Kembali ke persoalan semula. Kisruh atau cekcok antara KPK versus Polri memang cukup memprihatinkan. Pertengkaran antar dua lembaga penegakkan hukum yang tadinya berawal dari persoalan pribadi para elit justru melibatkan lembaga atau institusi yang selanjutnya menjadi bola panas yang menggelinding ke sana ke mari hingga membawa-bawa orang lain tuk ikut serta dalam pertikaian. Ada pihak yang mendukung, di pihak lain mencela serta mengkritik dengan pernyataan-pernyataan tajam dan menukik.

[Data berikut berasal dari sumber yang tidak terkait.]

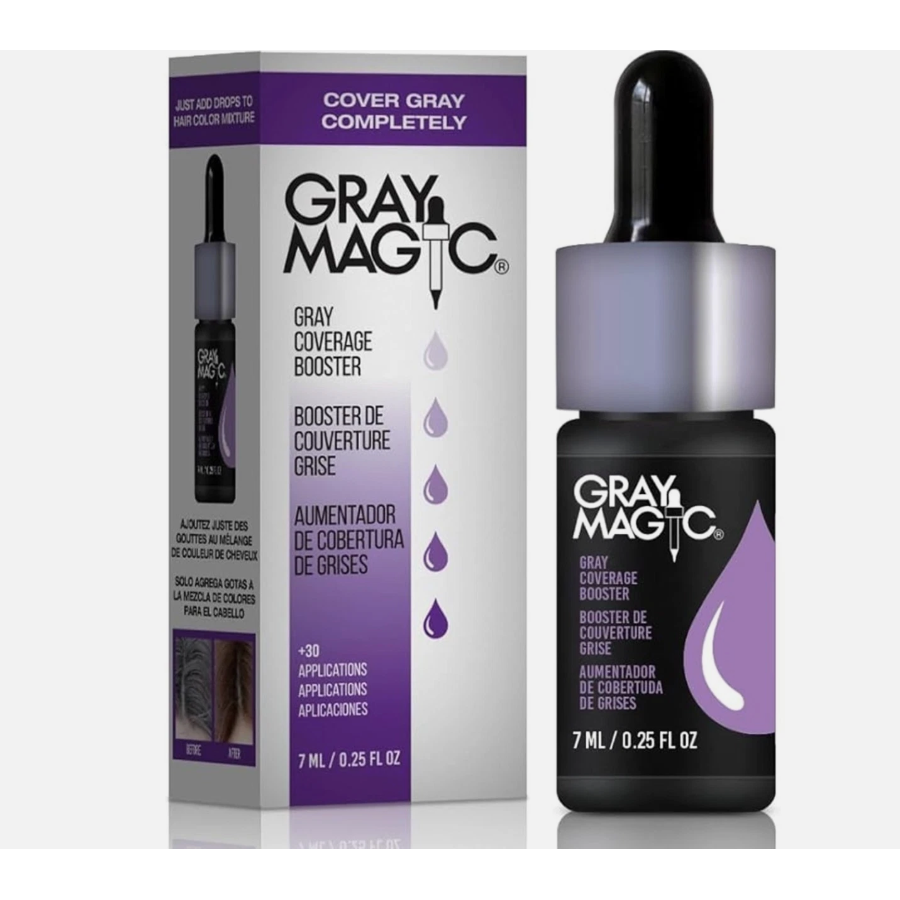 Ardell Gray Magic Color Additive hair color in a 0.25 oz bottle, suitable for enhancing hair shades with natural gray tones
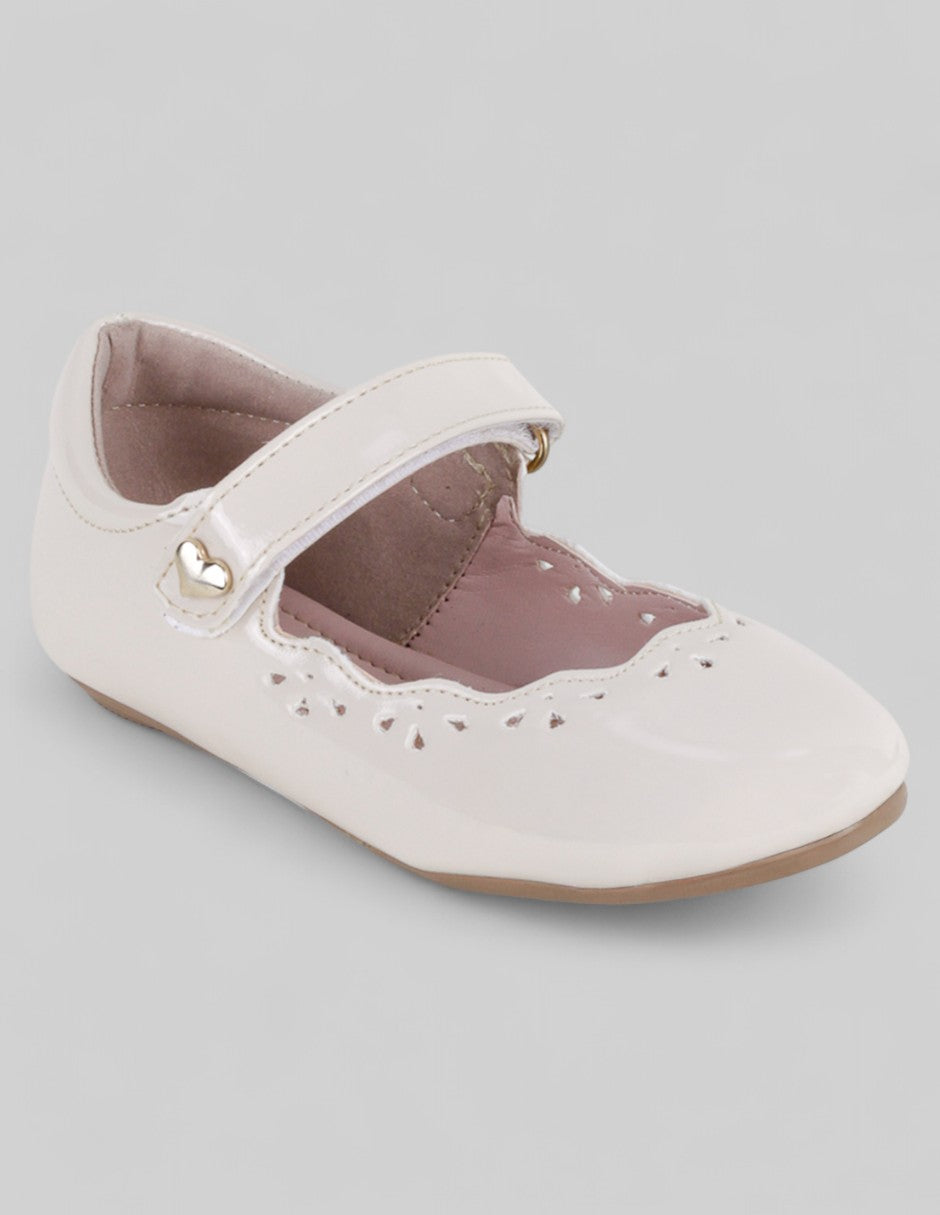Mary jane Kids  en Charol – Blanco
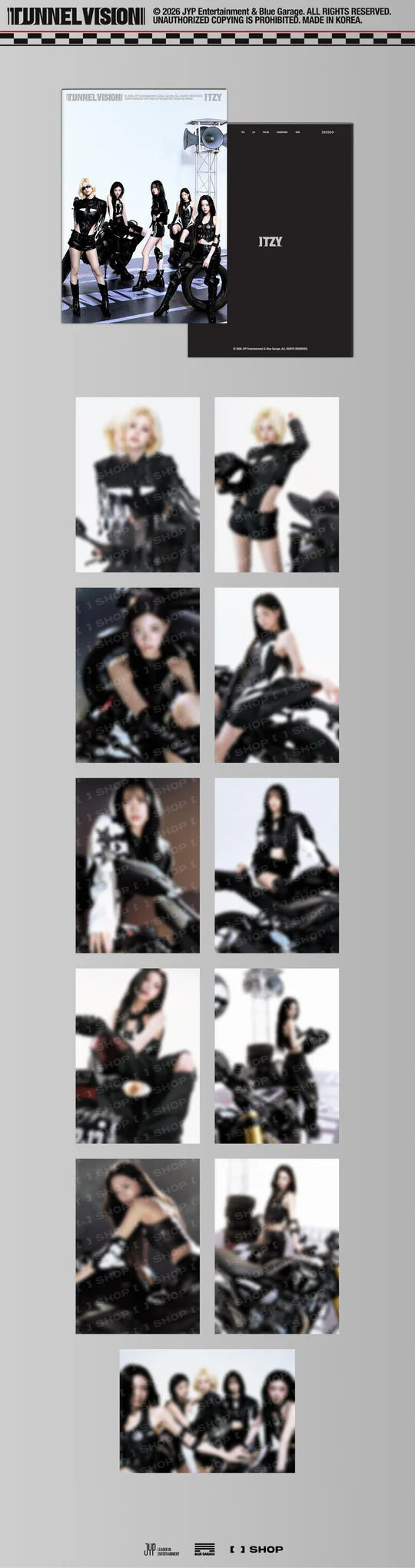 ITZY 3RD WORLD TOUR TUNNEL VISION MD POSTER BOOK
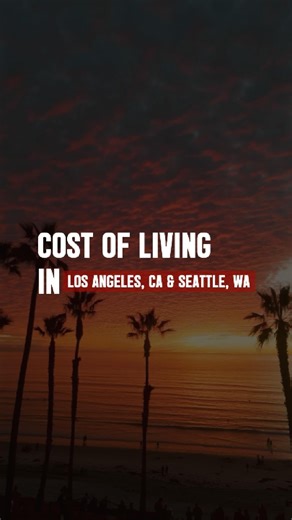 LA vs Seattle cost comparison Los Angeles and Seattle both offer strong job markets, but the cost structure feels very different. LA brings sunshine, higher income taxes, and slightly lower rent. Seattle comes with higher rent and daily costs, but no state income tax and higher average pay. This is the tradeoff many people are weighing. Weather and lifestyle versus taxes and take-home pay. Would you trade sunshine for no state income tax? | Alex Ramirez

Semua yang terlibat dalam pertikaian KPK-Polri mati-matian membela kelompok masing-masing di antara kedua kubu tersebut. Mereka bicara atas nama negara dan dalih-dalih nasioalisme patriotisme yang digembar-gemborkan, dan anehnya hal itu justru berdiri di atas pertikaian antar sesama anak bangsa. Bukankah hal itu memalukan?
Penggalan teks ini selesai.